When we use `transform()` on a GroupBy column, it separately applies the function to each sub-DataFrame within the GroupBy. We can essentially think of it as splitting apart the GroupBy into sub-DataFrames, and then using `apply()` on each of those sub-DataFrames.

Thus, the above result shows us the percentages of each item _as compared to its group totals_. However, it's a bit difficult to check to see if our answer is correct since the only item identifiers are the index numbers. So to make this easier to read, let's add these columns to the original DataFrame with the column names `%Quantity` and `%UnitWeight`.

In [25]:
camping[['%Quantity', '%UnitWeight']] = categories[['Quantity', 'UnitWeight']].transform(pct)
camping

Unnamed: 0_level_0,Category,Quantity,UnitWeight,%Quantity,%UnitWeight
Item,Unnamed: 1_level_1,Unnamed: 2_level_1,Unnamed: 3_level_1,Unnamed: 4_level_1,Unnamed: 5_level_1
Pack,Pack,1,33.0,100.0,100.0
Tent,Shelter,1,80.0,100.0,100.0
Sleeping Pad,Sleep,0,27.0,0.0,57.446809
Sleeping Bag,Sleep,2,20.0,100.0,42.553191
Toothbrush/Toothpaste,Health,1,2.0,33.333333,18.691589
Sunscreen,Health,1,5.0,33.333333,46.728972
Medical Kit,Health,1,3.7,33.333333,34.579439
Spoon,Kitchen,5,0.7,50.0,1.473684
Stove,Kitchen,1,20.0,10.0,42.105263
Water Filter,Kitchen,2,1.8,20.0,3.789474


Now, we can see that our calculations worked perfectly. For example, take the `Utility` category. The sum of the utility `Quantity` values is $1 + 0 + 4 = 5$.
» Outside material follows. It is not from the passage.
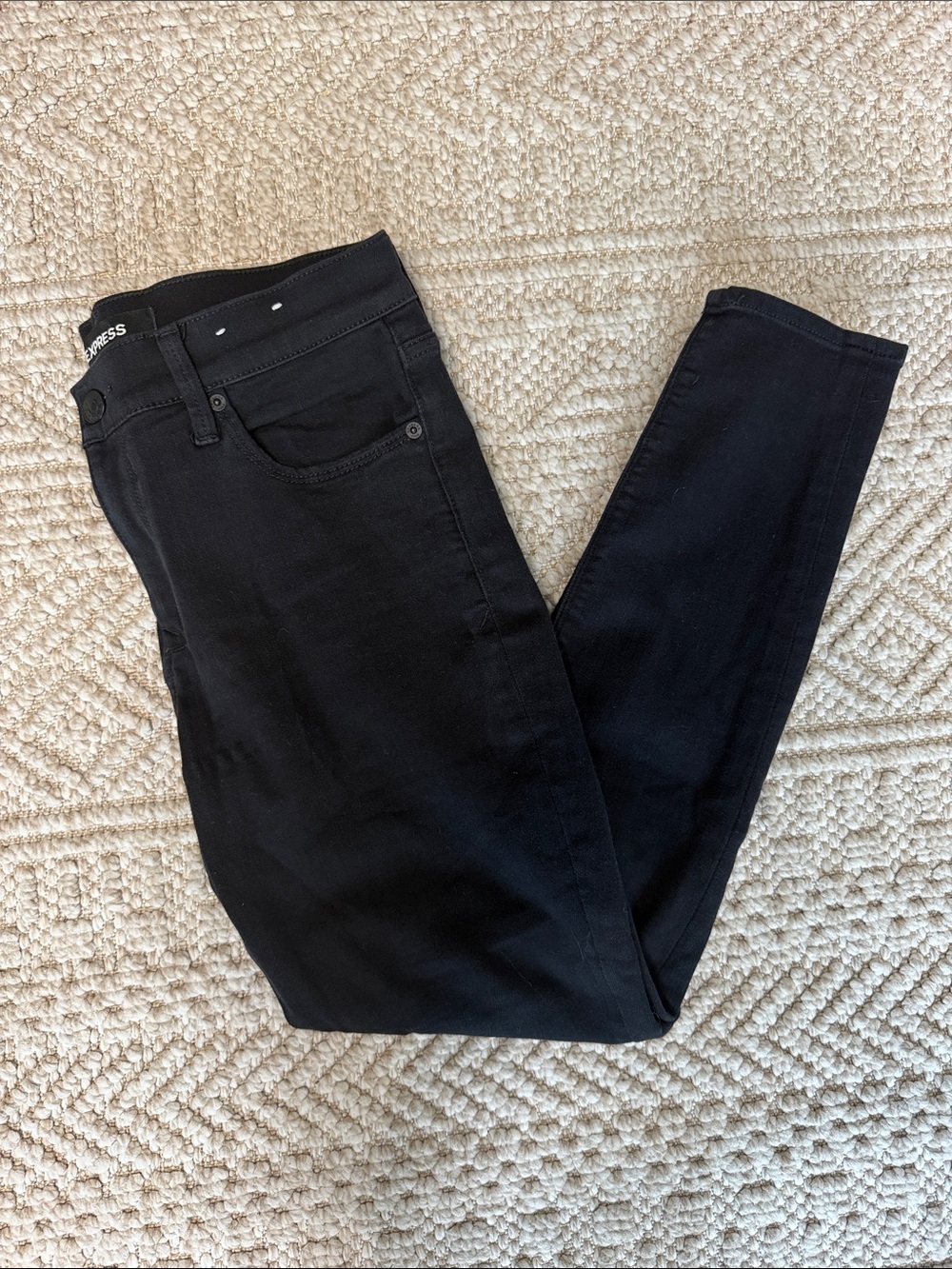 Express Black mid rise Skinny Jegging - size 8S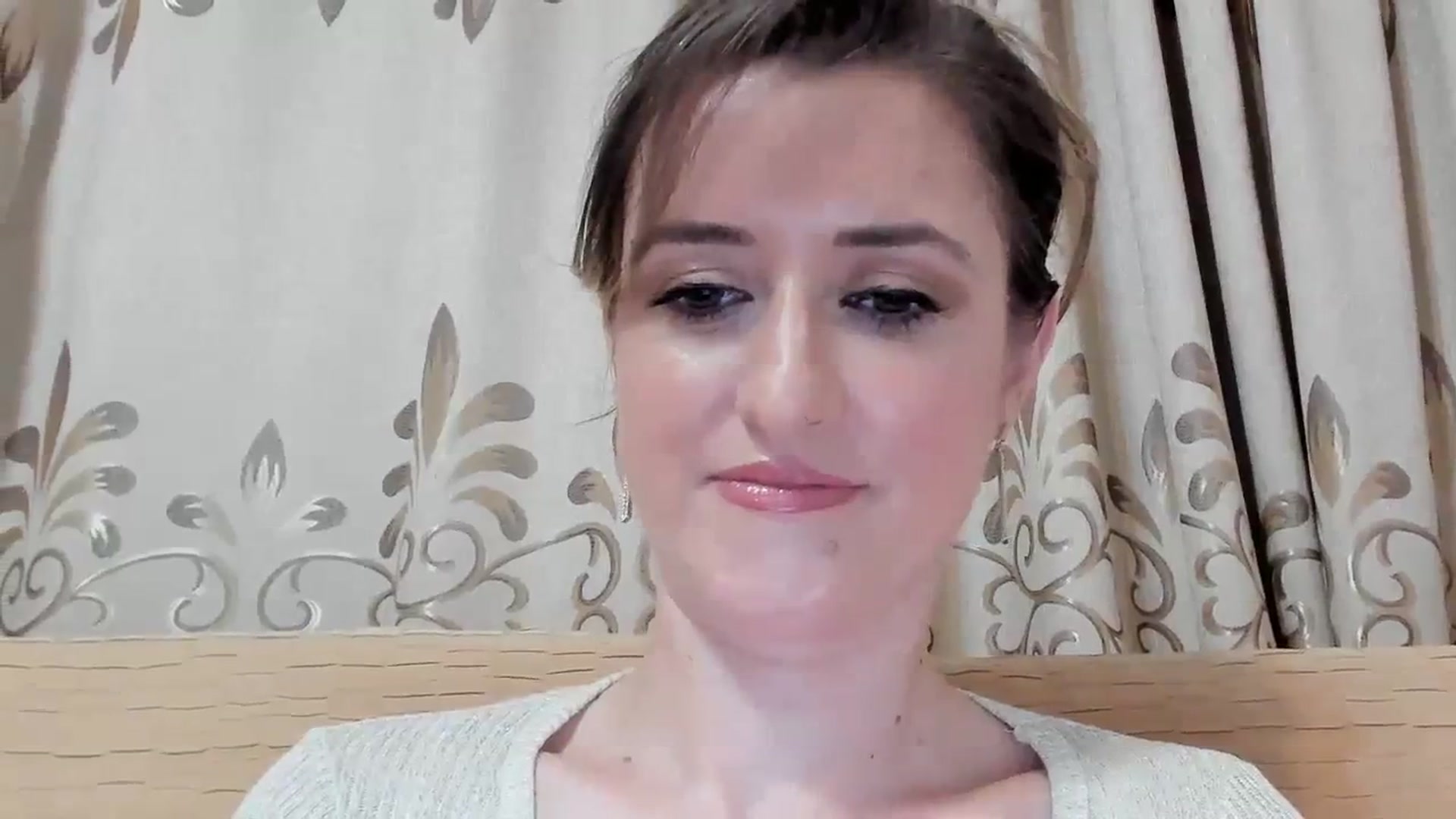 Gallery image thumbnail from BestDream's myfreecams stream on, 08/04/2023, 18:21 image 15 of 20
Then, of the utility items, trekking poles comprise 4 of the 5 total items. Thus, the value of `%Quantity` for `Trekking Poles` is $\frac{4}{5} \times 100 = \boxed{80}$.

Similarly, the pack liner comprises 1 of the 5 total items. Thus, the value of `%Quantity` for `Pack Liner` is $\frac{1}{5} \times 100 = \boxed{20}$.

The same holds for `Stuff Sack` within the `Utility` category, as well as for every other item within their respective categories.

## In summary

So now we see that `transform()` does a little more than we previously thought. When we tell Pandas to `transform` a column using a given function, it essentially executes a group-based `apply`. It treats each group as a separate DataFrame, and applies the function separately to each sub-DataFrame.